_TASK ITEM:_
Transcribe everything in the listing below exactly, except the pictures.

---

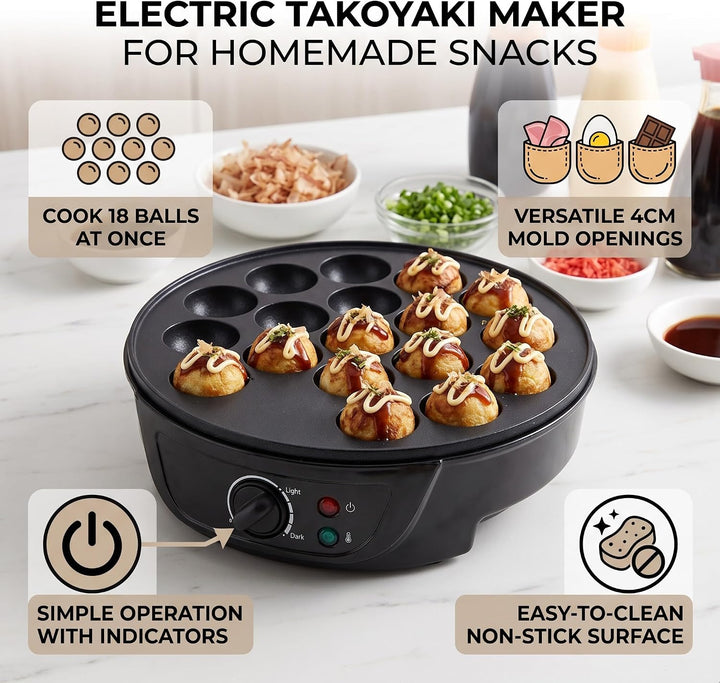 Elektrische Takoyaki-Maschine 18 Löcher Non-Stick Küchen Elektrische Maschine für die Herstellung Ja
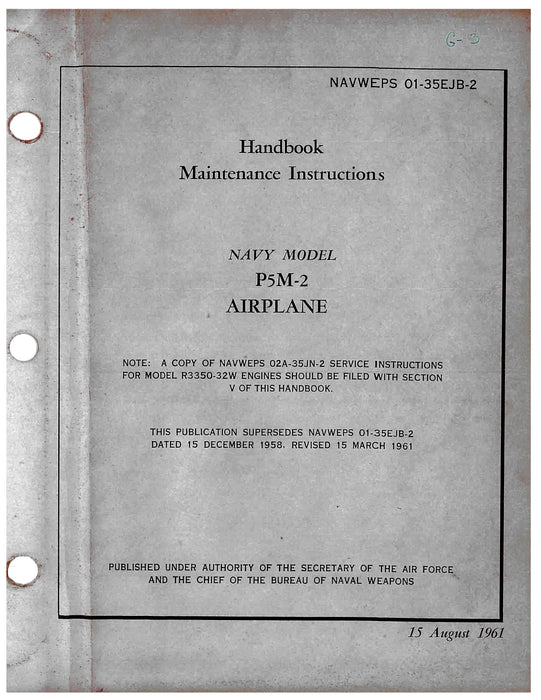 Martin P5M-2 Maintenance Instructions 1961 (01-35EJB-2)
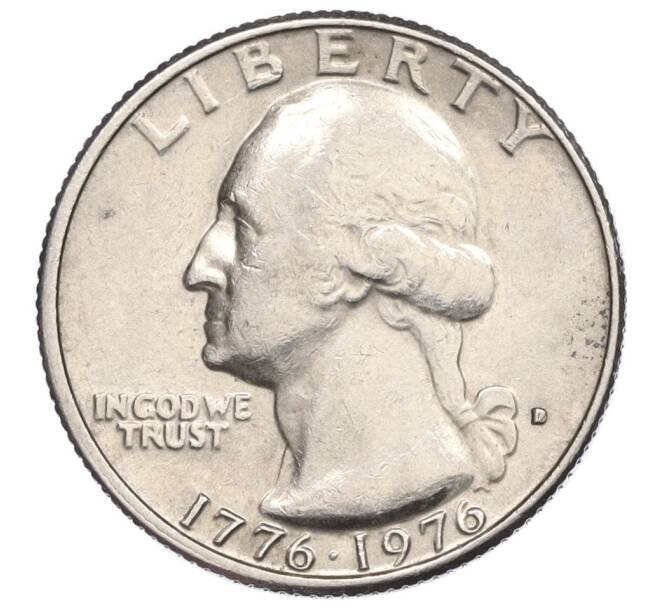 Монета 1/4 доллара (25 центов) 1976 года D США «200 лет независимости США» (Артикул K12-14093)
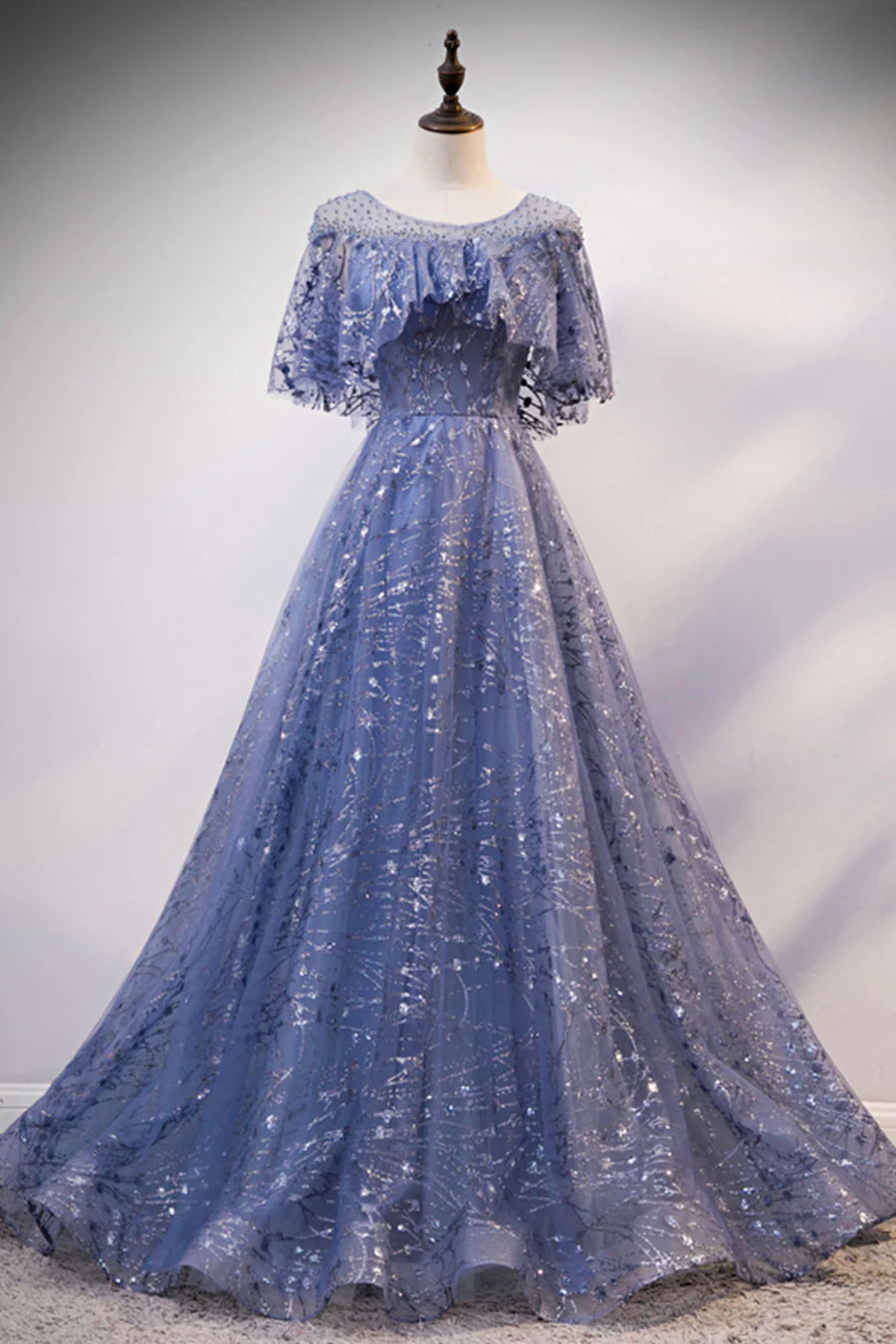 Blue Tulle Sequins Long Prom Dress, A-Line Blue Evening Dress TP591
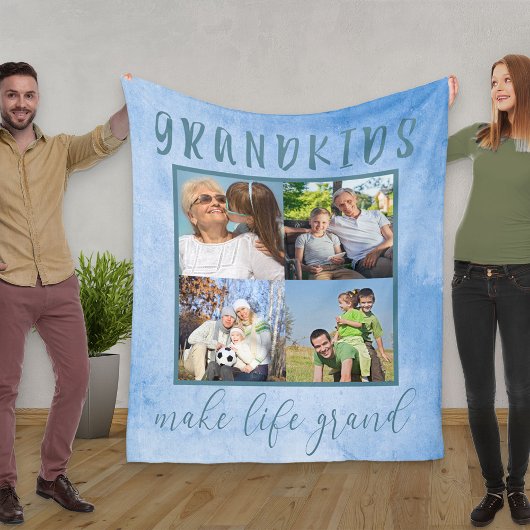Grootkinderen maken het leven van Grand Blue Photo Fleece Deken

---

_RESPONSE BOX:_
 Elektrische Takoyaki-Maschine 18 Löcher Non-Stick Küchen Elektrische Maschine für die Herstellung Ja
 Martin P5M-2 Maintenance Instructions 1961 (01-35EJB-2)
 Монета 1/4 доллара (25 центов) 1976 года D США «200 лет независимости США» (Артикул K12-14093)
 Blue Tulle Sequins Long Prom Dress, A-Line Blue Evening Dress TP591
Grootkinderen maken het leven van Grand Blue Photo Fleece Deken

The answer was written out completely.